__WHAT YOU HAVE TO DO__
Set down all of the data that follows word for word, without the images.
━━━━━ INFORMATION
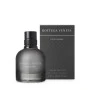 Herrenparfüm Bottega Veneta EDT Pour Homme 50 ml | Epamu.eu | Beauty Shop - Parfums, Make-up & Essentials Epamu.eu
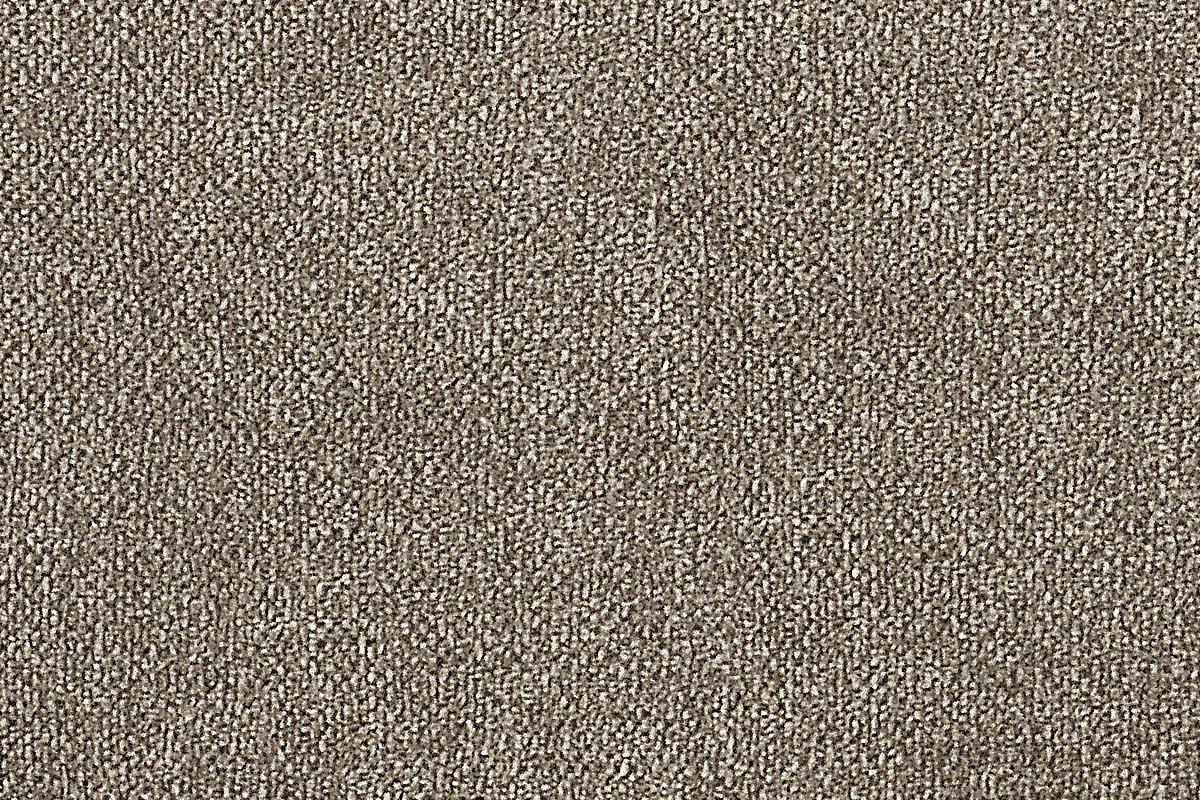 Modular Living Room Furniture Corner Wedge Camel Chenille Fabric 1Pc Cushion Wedge Sofa Couch Exposed Wooden Base Camel Primary Living Space Contemporary,Modern Chenille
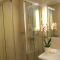 Hotel Draganic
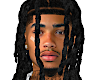 KHALIFA LOCS 2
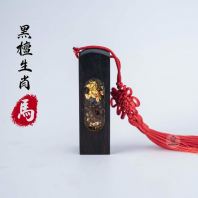 ̴ľ����£�����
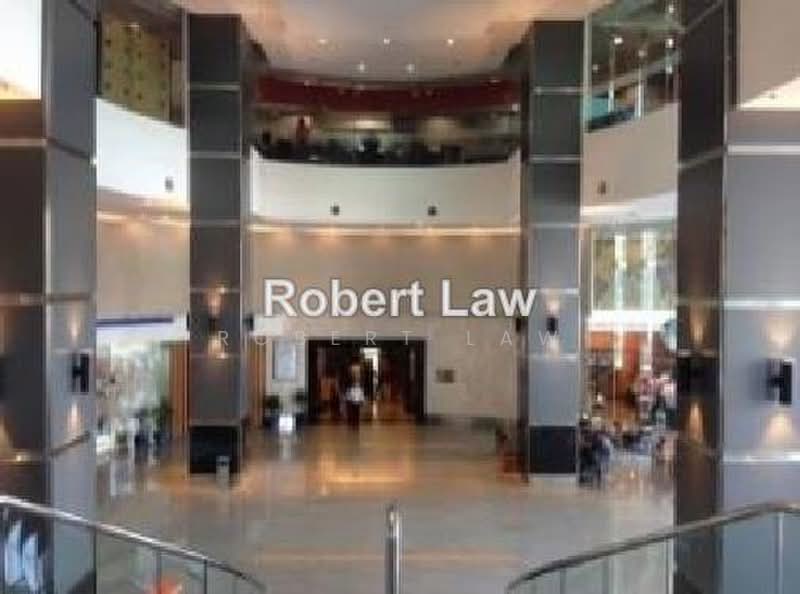 Office for Rent in Section 51A (Petaling Jaya) - Robert Law - PropertyGuru.com.my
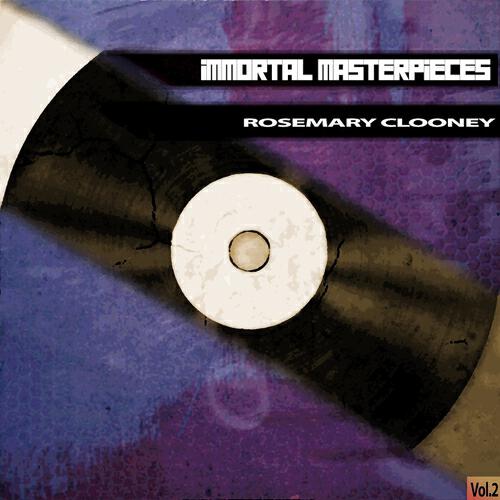 Релиз Immortal Masterpieces, Vol. 2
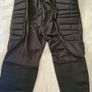 Football pants Image 2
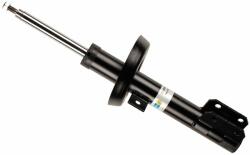 BILSTEIN 22-106612 Amortizor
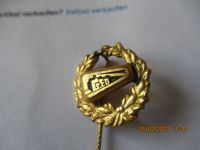 Ehrennadel Gewerkschaft der Eisenbahner GED Kreis Ostholstein - Fehmarn Vorschau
━━━━━━━━━━
__RESPONSE TO THE TASK__
 Herrenparfüm Bottega Veneta EDT Pour Homme 50 ml | Epamu.eu | Beauty Shop - Parfums, Make-up & Essentials Epamu.eu
 Modular Living Room Furniture Corner Wedge Camel Chenille Fabric 1Pc Cushion Wedge Sofa Couch Exposed Wooden Base Camel Primary Living Space Contemporary,Modern Chenille
 Hotel Draganic
 KHALIFA LOCS 2
 ̴ľ����£�����
 Office for Rent in Section 51A (Petaling Jaya) - Robert Law - PropertyGuru.com.my
 Релиз Immortal Masterpieces, Vol. 2
 Football pants Image 2
 BILSTEIN 22-106612 Amortizor
 Ehrennadel Gewerkschaft der Eisenbahner GED Kreis Ostholstein - Fehmarn Vorschau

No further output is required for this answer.